At one point in my life, I worked in the garden department at Home Depot. It was the only work I could get. I would have liked to believe that I might have been hired at some church for a ministry job, after all I was seminary trained and was told in my exit interview from seminary that I had very strong “gift clusters” of leadership and teaching.

The cold, hard reality is that my theology is far too conservative for denominations that welcome women and denominations that might appreciate my perspective on the Scriptures, well, I was far too female.

One day when I was having a pity party for poor old Barb-n-garden and was hoisting heavy pallets onto a stack in the loading dock, I started to cry. It was hard, heavy, and humiliating work…especially when I considered that my peers from seminary, those men, were younger and stronger than I am and here I was, doing manual labor. Humiliating. Humbling. Hoisting. Hauling. Sweeping up dead leaves and dirt when I ought to have been teaching the Bible somewhere.  Such was the pity party.

Now don’t get me wrong, I was valued at the Home Depot. I loved my coworkers and our customers…and they loved me. I loved being with the plants and being useful and so I stayed for quite a few years. Even beyond the mission trip which was the reason for needing paid employment at the time.

accommodationI learned a lot about humiliation, condescension, and accommodation from being there. That pity party I’d had back in the loading dock?

It had revealed I had far too little humility and thought I deserved something better.

The truth is that I had far too much pride and deserved far worse.

*.*.*

Pride is ugly and insidious and the solution is humiliation, humbling, and accommodation.

*.*.*

What does this have to do with the Incarnation?
Everything.

Philippians 2:5 Your attitude should be the same as that of Christ Jesus: 6 Who, being in very nature God, did not consider equality with God something to be grasped, 7 but made himself nothing, taking the very nature of a servant, being made in human likeness. 8 And being found in appearance as a man, he humbled himself and became obedient to death– even death on a cross! 9 Therefore God exalted him to the highest place and gave him the name that is above every name, 10 that at the name of Jesus every knee should bow, in heaven and on earth and under the earth, 11 and every tongue confess that Jesus Christ is Lord, to the glory of God the Father.

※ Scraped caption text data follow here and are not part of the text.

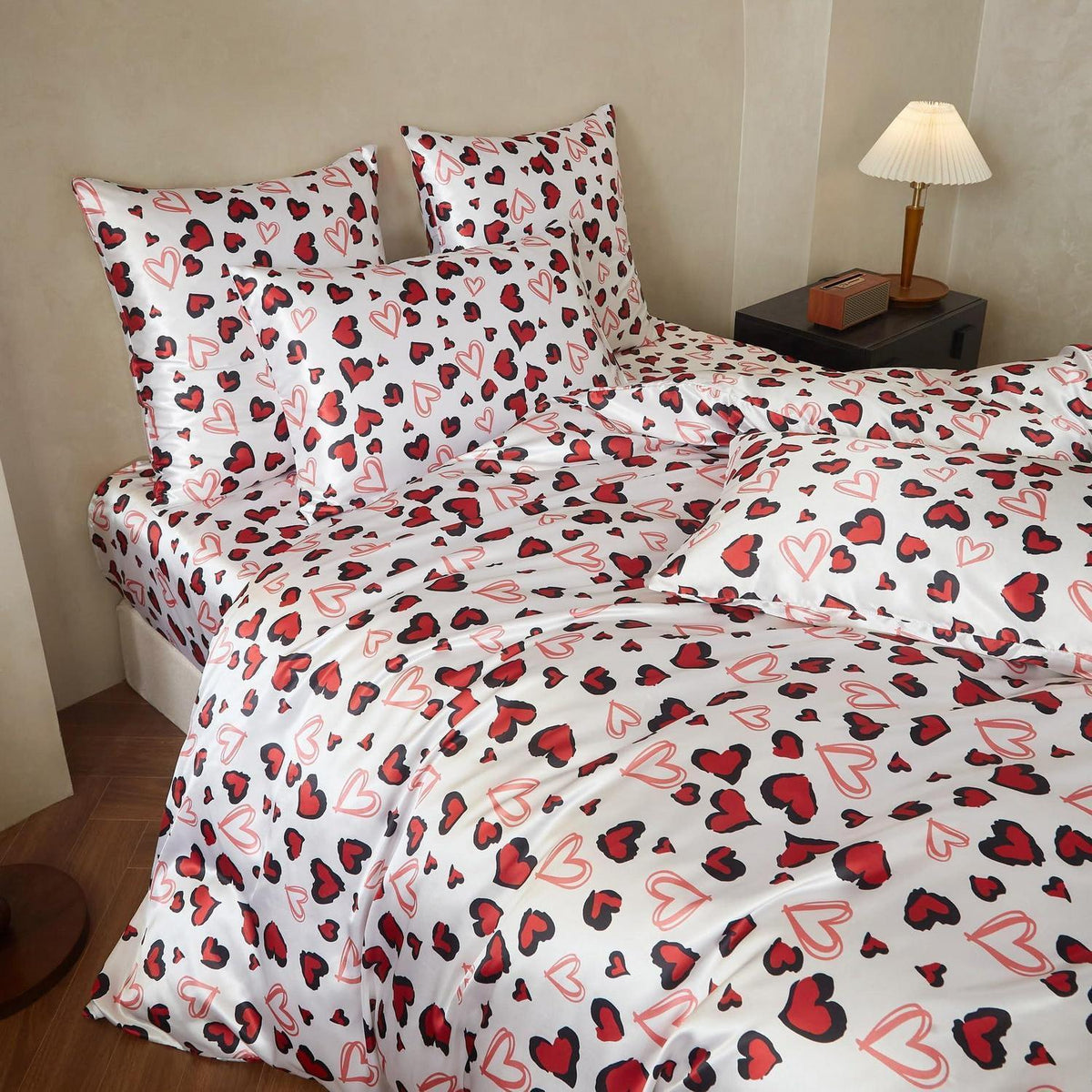 Satin Bettwäsche Set 135x200 Rot Schwarz Herzen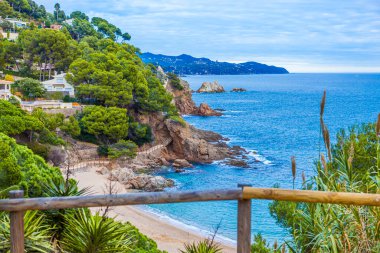 Costa Brava körfezi ve turkuaz suları olan plaj..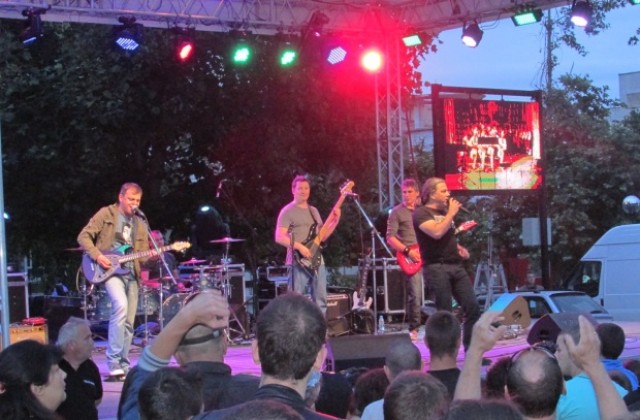 Започна празничният маратон в Г. Оряховица, 29 май обявен за неучебен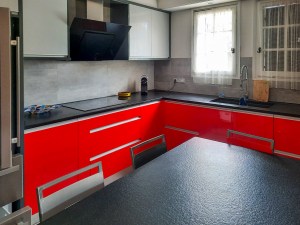 Cozinha moderna com frentes vermelhas lacadas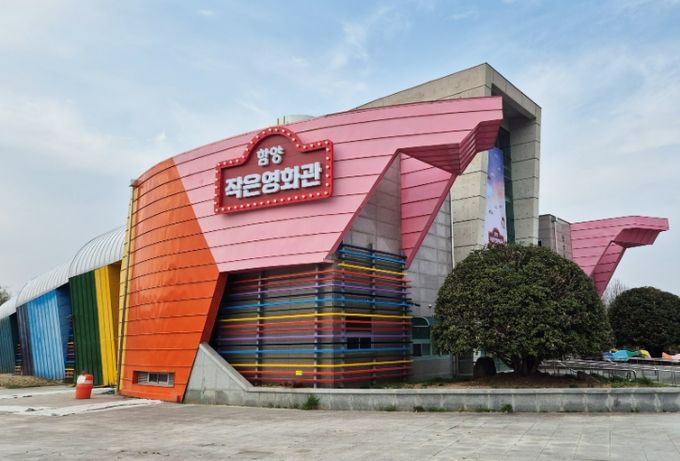 함양군 작은영화관이 개관 한 달여 만에 누적 관람객 1만 명을 돌파하며 지역의 일상 속 대표 문화공간으로 빠르게 자리 잡고 있다.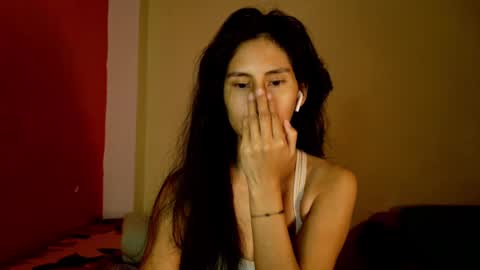 Snapshot of mli739709 chatting on 02-19-25, 03:38 MoonLipson online show from 02-19-25, 03:38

Jesus was not arrogant in the tiniest sense though He was God in every sense. And yet, He humbled Himself. The Incarnation was God’s accommodation to mankind who deserved every last bit of wrath. And Jesus came to humbly show us the way of salvation. He was humiliated for our deliverance. He had no insidious pride and yet took upon Himself all that we deserved (wrath) so that we could receive what He would give (grace).

Thought for the day: The path to exaltation is through humiliation. The Incarnation was both God’s accommodation to mankind and the perfect display of love worth exalting.

Questions for reflection:

  1. What types of things stand in the way of your attitude being what is listed in Philippians 2 above?
  2. Have you ever felt like some type of work was beneath you or you were asked to stoop beneath your dignity? What kinds of feelings did it foster?
  3. Re-read Philippians 2 above and also Isaiah 53:5 and highlight what Jesus gave up in the Incarnation as God’s accommodation for what we could not do for ourselves.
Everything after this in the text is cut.